確かに、アプリのアイコンがホーム画面にズラリと並び、ユーザーがそれを選んで操作するのは、織井氏が「スマートフォンが中心でその周りに皆さんがいる」と表現したように、決して自然な流れとはいえない。手に取って端末を握り、やりたいことや知りたいことを人に向かって話すのと同じようにスマートフォンを使えた方が、「自然な形で情報を届けることができる」(同)といえる。
電波法の整備が済んでおらず、提供が2020年春になってしまったモーションセンスも、アンビエントコンピューティングを実現するための要素の1つといえる。この機能がオンになると、Pixel 4、4 XLはユーザーの手が近づいたことを認識。
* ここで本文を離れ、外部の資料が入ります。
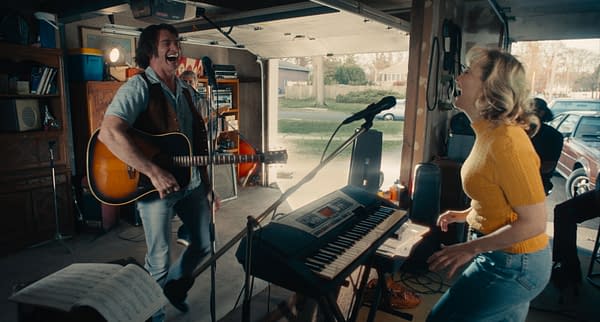 Hugh Jackman as Mike Sardina and Kate Hudson as Claire Stengl perform joyfully in a garage, with Jackman playing guitar and Hudson dancing, in the film 'Song Sung Blue'. The scene captures a lively musical moment filled with enthusiasm and connection.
先回りして顔認証を起動させておき、より素早く画面のロックを解除できるようになる。音楽再生やアラーム、通話などの各種操作にも利用可能で、端末を手に取れないときでも、自然な形で操作できる。
応用例がまだまだ少なく、主体的にスマートフォンを操作する場面で頻繁に利用するか? というと疑問符もつく。実際、同様のジェスチャー操作は過去、さまざまなスマートフォンが実験的に取り入れてきたが、精度がいまひとつだったことも災いして、本格的には普及していない。Googleのモーションセンスも、どこまで正確に思った通りの操作ができるのかは未知数だ。
一方で、Googleは音声だけでなく、空間の手の動きを検知して、ユーザー中心の操作体系を作り上げようとしていることをモーションセンスで明確化した。ハードウェアという器を作ったのは、ここにさまざまな機能を投入していく準備にも見える。
Pixel 4、4 XLに限った話ではないが、デザインにもこうしたGoogleのコンセプトは反映されている。目指したのは「手に取ることができるGoogleサービス」だ。結果として、「human(人)」「optimistic(楽観的)」「daring(大胆)」という3つのキーワードを導き出し、ハードウェアの数々はこの思想の下でデザインされた。
Pixel 4、4 XLも、「人間味があって楽観的で、かつ大胆というコンセプトに基づいて設計した」(インダストリアルデザイン ディレクター マックス・ヨシモト氏)という。柔らかな曲線を用いていたり、ガラスを使いながらもサラサラとしたマットな仕上げにしたりといったところは、人間を中心に据えたアンビエントコンピューティングの思想ともマッチする。